§ **What is needed**: Keep the wording of every entry intact in your copy, and omit the pictures.

§ **Data extract**:

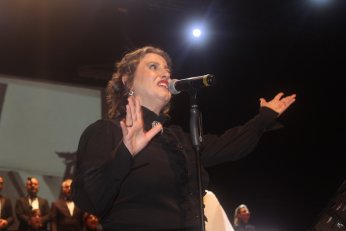 Beşinci konserde Zeki Müren’i yâd ettiler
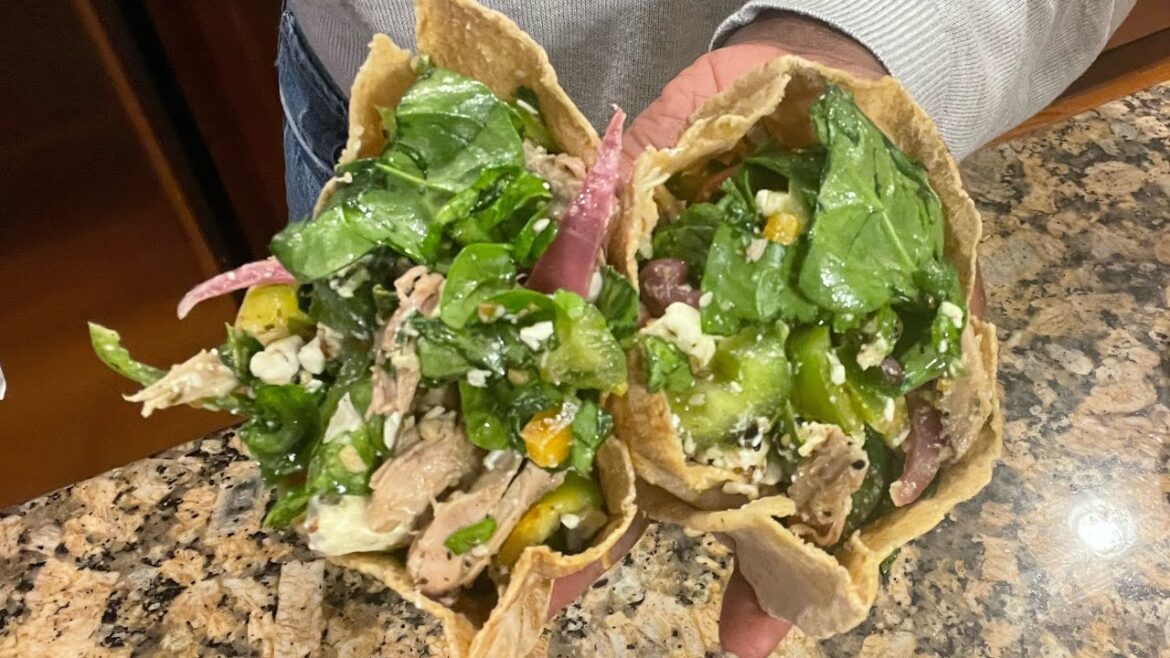 The best stuffed pita Greek salad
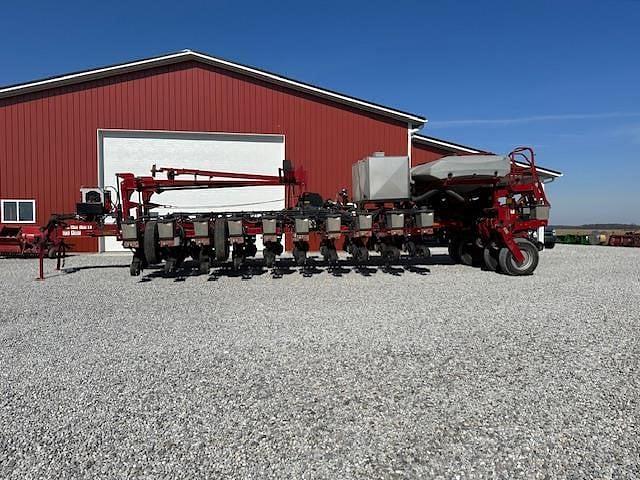 Image of Case IH 1250 equipment image 2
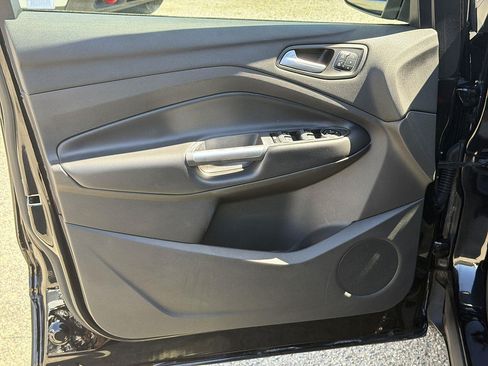 Used 2019 Ford Escape Titanium FWD image 21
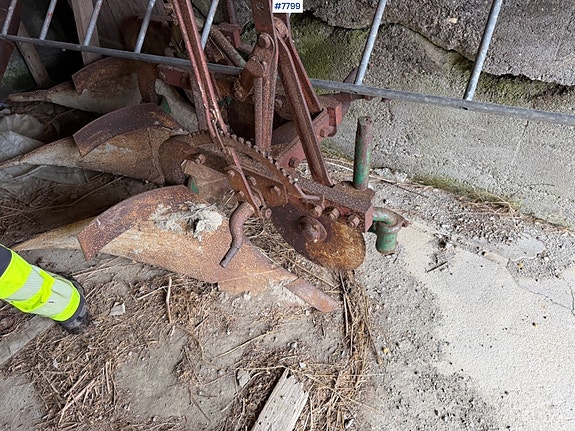 Bolinder Munktell BM320 traktor med vinsj og tre-skjærs plog. Mindre rep.objekt 30 of 30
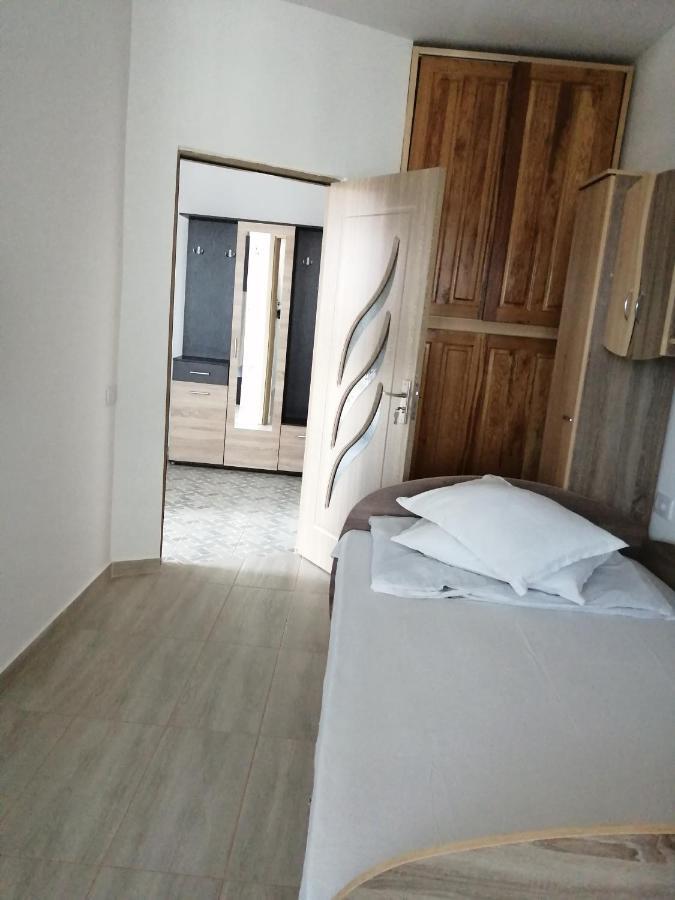 Apartmán Adina Năvodari Exteriér fotografie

§ **Expected answer**:
 Beşinci konserde Zeki Müren’i yâd ettiler
 The best stuffed pita Greek salad
 Image of Case IH 1250 equipment image 2
 Used 2019 Ford Escape Titanium FWD image 21
 Bolinder Munktell BM320 traktor med vinsj og tre-skjærs plog. Mindre rep.objekt 30 of 30
 Apartmán Adina Năvodari Exteriér fotografie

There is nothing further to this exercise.